Wisconsin lawmakers passed a law in 1849 that outlaws abortion except to save the mother’s life. The U.S. Supreme Court’s landmark Roe vs. Wade decision in 1973 that legalized abortion statewide effectively voided the ban. It was held in abeyance for nearly five decades until the high court struck down Roe vs. Wade in 2022. The decision reactivated the ban.

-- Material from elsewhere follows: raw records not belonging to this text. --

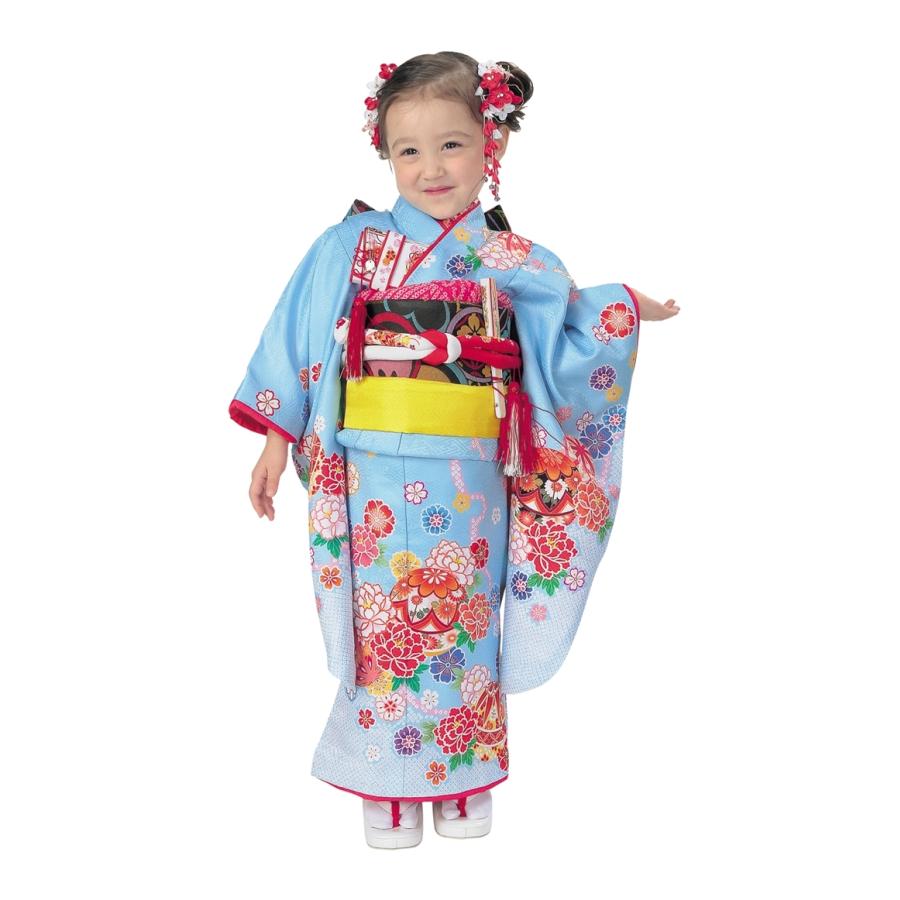 R・K 3歳きもの(三つ身)セット 牡丹 鞠 桜 水色 対応身長95cm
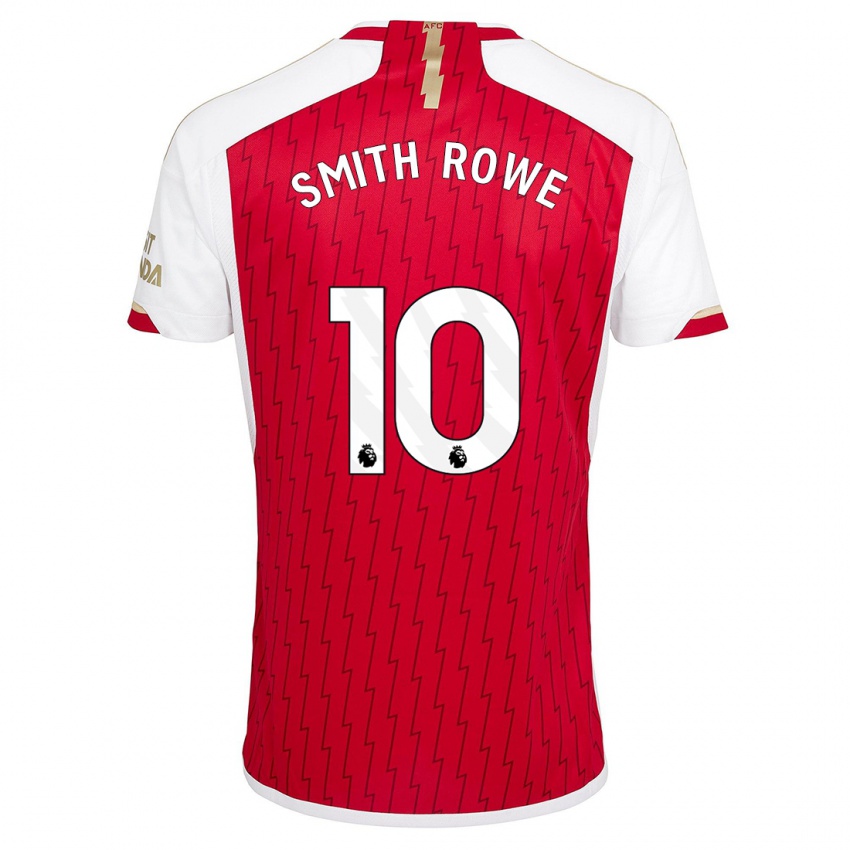 Męski Emile Smith Rowe #10 Czerwony Domowa Koszulka 2023/24 Koszulki Klubowe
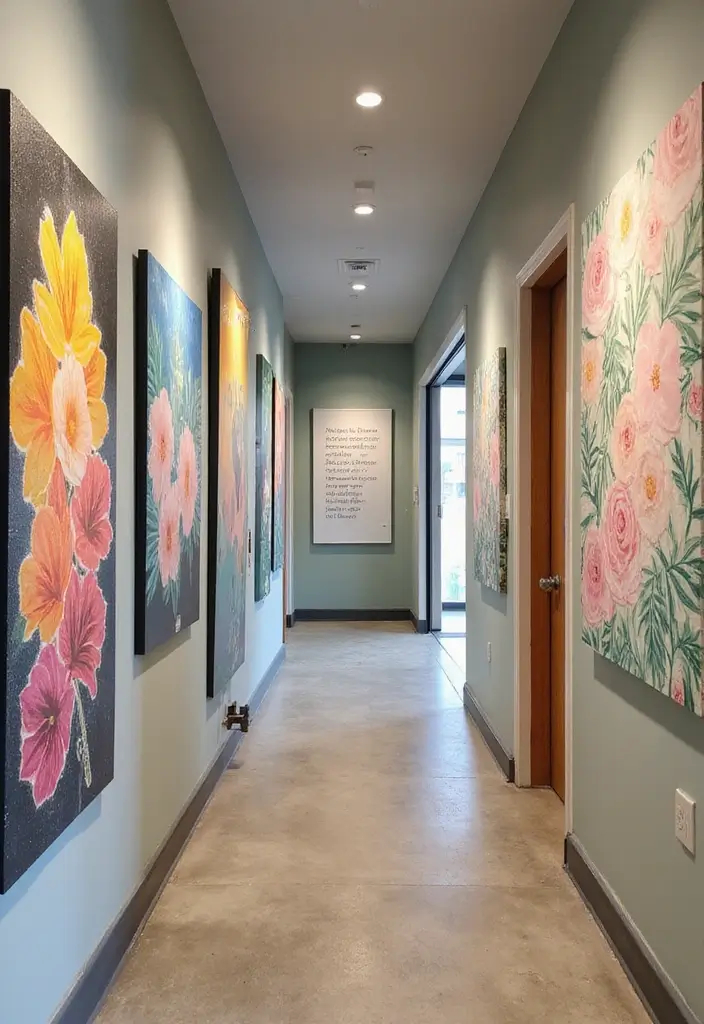 29 Narrow Hallway Ideas That Maximize Small Spaces 29 29 Narrow Hallway Ideas That Maximize Small Spaces - 29. Refreshing Wall Art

State Attorney General Josh Kaul, a Democrat, filed the lawsuit in Dane County circuit court in June 2022 seeking to repeal the ban. Kaul argues that the 1849 law is so old it was essentially adopted without the people’s consent; or alternately, that more permissive restrictions on abortion enacted in Wisconsin in 1985 to comply with Roe v. Wade supersede the older statute. The 1985 legislation permits terminating pregnancies up until a fetus can survive outside the womb.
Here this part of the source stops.